Information provided ::
==========

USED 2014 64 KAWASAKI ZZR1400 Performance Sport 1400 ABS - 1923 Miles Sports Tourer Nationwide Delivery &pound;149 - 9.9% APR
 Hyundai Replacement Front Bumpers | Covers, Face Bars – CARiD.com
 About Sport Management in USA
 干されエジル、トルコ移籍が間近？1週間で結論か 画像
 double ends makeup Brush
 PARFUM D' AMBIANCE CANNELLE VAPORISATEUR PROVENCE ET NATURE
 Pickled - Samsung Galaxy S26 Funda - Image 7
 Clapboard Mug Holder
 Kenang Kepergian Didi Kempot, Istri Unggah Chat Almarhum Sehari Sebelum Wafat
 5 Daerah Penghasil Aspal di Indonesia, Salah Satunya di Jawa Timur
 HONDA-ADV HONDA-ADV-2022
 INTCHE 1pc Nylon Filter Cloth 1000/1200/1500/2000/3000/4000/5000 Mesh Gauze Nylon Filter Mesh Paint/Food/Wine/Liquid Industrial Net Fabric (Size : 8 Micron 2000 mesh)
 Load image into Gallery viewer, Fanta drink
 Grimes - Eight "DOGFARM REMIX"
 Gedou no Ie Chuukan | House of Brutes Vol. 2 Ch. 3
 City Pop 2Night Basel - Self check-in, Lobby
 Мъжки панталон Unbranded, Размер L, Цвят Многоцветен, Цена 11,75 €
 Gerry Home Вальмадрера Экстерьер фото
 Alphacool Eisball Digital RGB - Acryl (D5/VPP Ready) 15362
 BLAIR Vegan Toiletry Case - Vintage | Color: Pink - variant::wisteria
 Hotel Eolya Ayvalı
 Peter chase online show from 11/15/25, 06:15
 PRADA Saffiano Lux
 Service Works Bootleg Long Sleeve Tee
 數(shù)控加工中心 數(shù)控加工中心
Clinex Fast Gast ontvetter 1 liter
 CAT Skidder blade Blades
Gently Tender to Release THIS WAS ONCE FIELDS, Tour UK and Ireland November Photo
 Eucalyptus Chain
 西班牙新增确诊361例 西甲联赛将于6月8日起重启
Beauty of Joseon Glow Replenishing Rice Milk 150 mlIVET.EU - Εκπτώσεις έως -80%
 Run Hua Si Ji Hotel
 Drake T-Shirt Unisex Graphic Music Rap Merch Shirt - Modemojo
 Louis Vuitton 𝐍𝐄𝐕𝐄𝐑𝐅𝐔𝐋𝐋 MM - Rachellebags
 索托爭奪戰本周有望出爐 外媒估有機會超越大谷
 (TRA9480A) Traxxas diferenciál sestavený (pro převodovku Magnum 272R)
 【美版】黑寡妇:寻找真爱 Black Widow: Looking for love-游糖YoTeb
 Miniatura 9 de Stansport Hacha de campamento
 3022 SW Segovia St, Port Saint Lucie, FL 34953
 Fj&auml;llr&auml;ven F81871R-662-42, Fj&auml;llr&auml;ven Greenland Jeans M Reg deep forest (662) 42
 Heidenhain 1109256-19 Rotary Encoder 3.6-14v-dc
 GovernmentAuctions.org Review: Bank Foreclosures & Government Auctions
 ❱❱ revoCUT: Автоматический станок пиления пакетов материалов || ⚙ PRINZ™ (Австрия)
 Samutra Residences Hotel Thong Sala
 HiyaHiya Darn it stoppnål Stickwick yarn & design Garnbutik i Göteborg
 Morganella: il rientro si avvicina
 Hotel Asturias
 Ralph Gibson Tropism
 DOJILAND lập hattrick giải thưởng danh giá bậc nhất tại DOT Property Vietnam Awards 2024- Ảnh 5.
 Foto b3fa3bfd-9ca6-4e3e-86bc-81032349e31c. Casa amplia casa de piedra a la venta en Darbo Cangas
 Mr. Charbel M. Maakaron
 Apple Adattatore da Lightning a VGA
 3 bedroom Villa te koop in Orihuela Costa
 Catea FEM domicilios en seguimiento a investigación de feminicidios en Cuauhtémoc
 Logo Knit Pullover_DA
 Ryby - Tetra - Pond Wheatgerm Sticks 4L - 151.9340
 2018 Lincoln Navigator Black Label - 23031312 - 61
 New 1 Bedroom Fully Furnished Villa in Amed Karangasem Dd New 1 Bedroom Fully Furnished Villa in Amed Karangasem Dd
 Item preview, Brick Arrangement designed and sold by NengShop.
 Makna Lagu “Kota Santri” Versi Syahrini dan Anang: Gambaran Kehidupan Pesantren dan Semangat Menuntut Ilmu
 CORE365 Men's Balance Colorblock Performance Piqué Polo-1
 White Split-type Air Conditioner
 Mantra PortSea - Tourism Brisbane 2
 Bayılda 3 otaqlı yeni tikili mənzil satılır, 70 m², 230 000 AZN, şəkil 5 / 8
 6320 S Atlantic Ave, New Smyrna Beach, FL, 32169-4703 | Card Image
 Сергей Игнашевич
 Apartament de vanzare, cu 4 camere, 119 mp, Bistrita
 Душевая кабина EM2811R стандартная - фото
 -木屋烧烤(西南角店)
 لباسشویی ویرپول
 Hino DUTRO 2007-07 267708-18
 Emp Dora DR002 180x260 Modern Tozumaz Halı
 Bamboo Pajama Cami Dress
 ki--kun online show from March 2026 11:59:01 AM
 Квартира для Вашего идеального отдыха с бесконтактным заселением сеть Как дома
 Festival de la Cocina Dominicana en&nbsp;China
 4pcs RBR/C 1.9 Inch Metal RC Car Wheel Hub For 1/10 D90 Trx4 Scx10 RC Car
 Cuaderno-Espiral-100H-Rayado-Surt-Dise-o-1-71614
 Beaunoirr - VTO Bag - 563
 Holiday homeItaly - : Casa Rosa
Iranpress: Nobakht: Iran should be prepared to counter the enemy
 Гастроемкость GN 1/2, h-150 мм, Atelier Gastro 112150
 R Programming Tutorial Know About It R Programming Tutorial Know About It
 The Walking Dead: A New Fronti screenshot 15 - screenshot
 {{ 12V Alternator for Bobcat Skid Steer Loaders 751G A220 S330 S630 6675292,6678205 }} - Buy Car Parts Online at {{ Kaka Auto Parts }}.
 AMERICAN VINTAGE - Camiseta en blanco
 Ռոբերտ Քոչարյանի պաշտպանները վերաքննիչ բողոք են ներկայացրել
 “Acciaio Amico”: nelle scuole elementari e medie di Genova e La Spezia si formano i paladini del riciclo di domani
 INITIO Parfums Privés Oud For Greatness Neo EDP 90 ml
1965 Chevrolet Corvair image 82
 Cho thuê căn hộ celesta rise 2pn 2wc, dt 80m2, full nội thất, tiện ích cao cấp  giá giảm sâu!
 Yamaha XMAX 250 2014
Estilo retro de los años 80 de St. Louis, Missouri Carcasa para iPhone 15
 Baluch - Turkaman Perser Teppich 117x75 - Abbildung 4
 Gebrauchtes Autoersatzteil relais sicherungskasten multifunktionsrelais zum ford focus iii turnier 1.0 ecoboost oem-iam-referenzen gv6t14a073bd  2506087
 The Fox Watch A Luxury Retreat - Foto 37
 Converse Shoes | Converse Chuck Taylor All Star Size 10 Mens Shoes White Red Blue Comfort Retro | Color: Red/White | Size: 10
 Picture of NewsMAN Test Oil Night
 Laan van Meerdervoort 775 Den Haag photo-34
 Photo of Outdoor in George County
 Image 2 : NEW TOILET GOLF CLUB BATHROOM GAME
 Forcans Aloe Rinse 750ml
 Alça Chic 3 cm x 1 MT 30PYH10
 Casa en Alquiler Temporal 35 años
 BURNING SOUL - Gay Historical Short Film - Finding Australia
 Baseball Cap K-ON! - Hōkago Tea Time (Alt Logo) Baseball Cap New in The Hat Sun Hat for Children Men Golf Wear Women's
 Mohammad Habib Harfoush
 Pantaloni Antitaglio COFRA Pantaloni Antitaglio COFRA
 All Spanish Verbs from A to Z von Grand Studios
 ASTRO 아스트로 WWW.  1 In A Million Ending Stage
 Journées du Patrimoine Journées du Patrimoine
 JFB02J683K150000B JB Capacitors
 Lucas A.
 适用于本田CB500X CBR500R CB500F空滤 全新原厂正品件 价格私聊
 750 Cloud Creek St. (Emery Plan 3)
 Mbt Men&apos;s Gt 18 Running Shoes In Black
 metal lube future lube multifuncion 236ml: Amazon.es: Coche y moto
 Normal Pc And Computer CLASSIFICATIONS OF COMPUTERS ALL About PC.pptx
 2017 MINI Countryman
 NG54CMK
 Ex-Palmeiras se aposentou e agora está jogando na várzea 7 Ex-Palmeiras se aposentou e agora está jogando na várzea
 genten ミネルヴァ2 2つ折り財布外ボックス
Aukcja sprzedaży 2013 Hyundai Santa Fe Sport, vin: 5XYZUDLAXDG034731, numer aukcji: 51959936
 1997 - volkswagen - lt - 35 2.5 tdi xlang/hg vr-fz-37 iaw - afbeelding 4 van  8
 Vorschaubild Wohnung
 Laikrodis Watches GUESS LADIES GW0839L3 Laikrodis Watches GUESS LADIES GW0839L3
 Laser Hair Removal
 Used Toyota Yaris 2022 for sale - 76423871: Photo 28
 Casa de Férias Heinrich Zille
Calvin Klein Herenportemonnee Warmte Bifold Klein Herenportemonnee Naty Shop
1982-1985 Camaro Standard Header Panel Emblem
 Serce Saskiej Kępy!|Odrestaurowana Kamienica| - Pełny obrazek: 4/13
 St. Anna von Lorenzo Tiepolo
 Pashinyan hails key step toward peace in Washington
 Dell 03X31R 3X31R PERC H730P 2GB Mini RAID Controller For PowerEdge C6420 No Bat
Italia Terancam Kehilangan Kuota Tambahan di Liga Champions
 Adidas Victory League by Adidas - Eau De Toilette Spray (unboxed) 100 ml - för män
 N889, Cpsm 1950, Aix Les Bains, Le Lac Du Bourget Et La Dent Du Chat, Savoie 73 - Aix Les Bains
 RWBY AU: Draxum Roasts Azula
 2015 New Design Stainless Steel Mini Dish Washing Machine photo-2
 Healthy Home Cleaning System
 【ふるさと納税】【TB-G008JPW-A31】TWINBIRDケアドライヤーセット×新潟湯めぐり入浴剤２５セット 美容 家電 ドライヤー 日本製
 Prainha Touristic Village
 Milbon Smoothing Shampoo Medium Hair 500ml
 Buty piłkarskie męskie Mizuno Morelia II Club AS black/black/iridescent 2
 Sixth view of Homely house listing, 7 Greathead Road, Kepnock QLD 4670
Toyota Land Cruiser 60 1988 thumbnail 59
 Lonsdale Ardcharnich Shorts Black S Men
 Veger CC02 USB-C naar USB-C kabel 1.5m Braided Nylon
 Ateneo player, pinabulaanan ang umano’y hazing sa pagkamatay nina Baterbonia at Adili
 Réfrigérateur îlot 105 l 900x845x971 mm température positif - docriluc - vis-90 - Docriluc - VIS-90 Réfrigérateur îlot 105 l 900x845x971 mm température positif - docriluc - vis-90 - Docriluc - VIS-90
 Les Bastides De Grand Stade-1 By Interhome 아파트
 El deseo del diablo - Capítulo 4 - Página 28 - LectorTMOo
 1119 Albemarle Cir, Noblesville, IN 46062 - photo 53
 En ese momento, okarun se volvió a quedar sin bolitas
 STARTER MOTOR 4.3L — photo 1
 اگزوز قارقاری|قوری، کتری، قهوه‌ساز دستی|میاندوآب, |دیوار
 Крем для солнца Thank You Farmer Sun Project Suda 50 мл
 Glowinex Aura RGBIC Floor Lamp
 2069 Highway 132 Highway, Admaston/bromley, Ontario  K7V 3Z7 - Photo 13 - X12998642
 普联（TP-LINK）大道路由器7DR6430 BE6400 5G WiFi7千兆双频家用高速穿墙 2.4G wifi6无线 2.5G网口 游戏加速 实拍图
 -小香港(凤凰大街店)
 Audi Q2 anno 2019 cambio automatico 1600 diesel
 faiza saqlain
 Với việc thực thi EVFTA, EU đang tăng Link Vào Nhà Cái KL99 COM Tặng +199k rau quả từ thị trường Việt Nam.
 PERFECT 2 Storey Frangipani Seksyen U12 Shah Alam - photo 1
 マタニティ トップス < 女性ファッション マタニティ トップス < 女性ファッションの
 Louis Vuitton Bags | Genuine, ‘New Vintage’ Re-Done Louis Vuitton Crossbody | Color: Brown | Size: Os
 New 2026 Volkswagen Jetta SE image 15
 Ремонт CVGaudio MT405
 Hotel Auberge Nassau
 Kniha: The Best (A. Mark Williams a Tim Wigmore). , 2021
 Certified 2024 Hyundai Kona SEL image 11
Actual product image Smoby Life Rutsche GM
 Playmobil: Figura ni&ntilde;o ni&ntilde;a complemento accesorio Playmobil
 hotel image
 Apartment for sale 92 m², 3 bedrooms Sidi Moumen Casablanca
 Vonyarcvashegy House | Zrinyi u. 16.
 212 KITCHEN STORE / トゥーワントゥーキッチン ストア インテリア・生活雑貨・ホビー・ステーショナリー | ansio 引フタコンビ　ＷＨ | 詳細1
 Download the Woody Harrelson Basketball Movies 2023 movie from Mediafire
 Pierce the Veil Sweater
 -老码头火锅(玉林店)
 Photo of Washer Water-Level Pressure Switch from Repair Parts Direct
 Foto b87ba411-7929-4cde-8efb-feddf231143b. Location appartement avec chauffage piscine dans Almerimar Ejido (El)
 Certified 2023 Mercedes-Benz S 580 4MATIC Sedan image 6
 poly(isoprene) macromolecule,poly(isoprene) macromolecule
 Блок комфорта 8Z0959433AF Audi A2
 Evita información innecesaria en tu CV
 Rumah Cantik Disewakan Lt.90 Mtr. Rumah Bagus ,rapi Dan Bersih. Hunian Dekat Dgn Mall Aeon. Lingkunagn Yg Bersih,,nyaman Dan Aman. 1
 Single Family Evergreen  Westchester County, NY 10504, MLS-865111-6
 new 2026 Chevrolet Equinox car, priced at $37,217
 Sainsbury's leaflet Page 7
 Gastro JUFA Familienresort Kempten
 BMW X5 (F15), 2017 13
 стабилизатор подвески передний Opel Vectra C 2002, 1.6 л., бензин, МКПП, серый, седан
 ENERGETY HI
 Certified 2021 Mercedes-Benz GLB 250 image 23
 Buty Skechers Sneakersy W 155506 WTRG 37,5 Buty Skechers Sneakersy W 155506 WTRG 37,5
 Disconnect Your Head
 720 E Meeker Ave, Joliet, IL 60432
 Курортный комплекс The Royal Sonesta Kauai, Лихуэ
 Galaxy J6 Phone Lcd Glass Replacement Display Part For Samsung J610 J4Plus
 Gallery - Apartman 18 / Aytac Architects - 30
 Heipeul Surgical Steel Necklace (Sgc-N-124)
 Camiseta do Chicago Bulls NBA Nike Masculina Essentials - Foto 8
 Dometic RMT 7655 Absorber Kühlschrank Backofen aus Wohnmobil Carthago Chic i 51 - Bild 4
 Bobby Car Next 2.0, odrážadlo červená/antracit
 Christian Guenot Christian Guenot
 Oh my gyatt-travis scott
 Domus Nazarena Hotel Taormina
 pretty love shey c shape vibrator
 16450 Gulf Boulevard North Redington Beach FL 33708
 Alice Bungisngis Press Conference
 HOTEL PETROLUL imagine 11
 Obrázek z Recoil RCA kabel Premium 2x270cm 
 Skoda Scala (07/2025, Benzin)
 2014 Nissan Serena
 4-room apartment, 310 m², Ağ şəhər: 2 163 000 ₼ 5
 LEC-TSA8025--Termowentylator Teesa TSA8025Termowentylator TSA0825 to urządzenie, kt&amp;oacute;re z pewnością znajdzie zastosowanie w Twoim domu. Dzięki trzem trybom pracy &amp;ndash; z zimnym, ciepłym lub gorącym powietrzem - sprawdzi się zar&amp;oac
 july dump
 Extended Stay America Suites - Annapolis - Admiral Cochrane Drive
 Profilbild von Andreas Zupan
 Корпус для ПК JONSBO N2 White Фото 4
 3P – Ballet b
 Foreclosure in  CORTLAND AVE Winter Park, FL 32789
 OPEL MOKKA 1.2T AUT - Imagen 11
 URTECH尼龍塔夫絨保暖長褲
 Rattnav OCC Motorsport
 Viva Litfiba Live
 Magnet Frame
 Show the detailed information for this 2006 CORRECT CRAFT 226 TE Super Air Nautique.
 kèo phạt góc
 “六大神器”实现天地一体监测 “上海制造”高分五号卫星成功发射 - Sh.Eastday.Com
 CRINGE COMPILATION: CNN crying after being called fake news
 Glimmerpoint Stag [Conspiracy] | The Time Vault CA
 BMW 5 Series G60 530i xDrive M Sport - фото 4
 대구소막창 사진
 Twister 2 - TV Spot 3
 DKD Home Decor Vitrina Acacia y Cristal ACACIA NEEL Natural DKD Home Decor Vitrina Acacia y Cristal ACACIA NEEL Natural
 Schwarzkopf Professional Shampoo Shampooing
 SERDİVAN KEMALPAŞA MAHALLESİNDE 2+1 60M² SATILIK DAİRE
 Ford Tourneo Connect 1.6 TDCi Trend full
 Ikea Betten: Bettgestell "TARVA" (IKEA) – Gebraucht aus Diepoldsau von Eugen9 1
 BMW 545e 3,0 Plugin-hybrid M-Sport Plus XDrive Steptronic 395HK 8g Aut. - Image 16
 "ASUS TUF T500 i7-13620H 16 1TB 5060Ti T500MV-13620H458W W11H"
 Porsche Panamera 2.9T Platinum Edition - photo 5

==========

Goal of the exercise :: Go through the records above and, whenever a line includes the word "Shoes", copy it.

Exercise output ::
 Converse Shoes | Converse Chuck Taylor All Star Size 10 Mens Shoes White Red Blue Comfort Retro | Color: Red/White | Size: 10
 Mbt Men&apos;s Gt 18 Running Shoes In Black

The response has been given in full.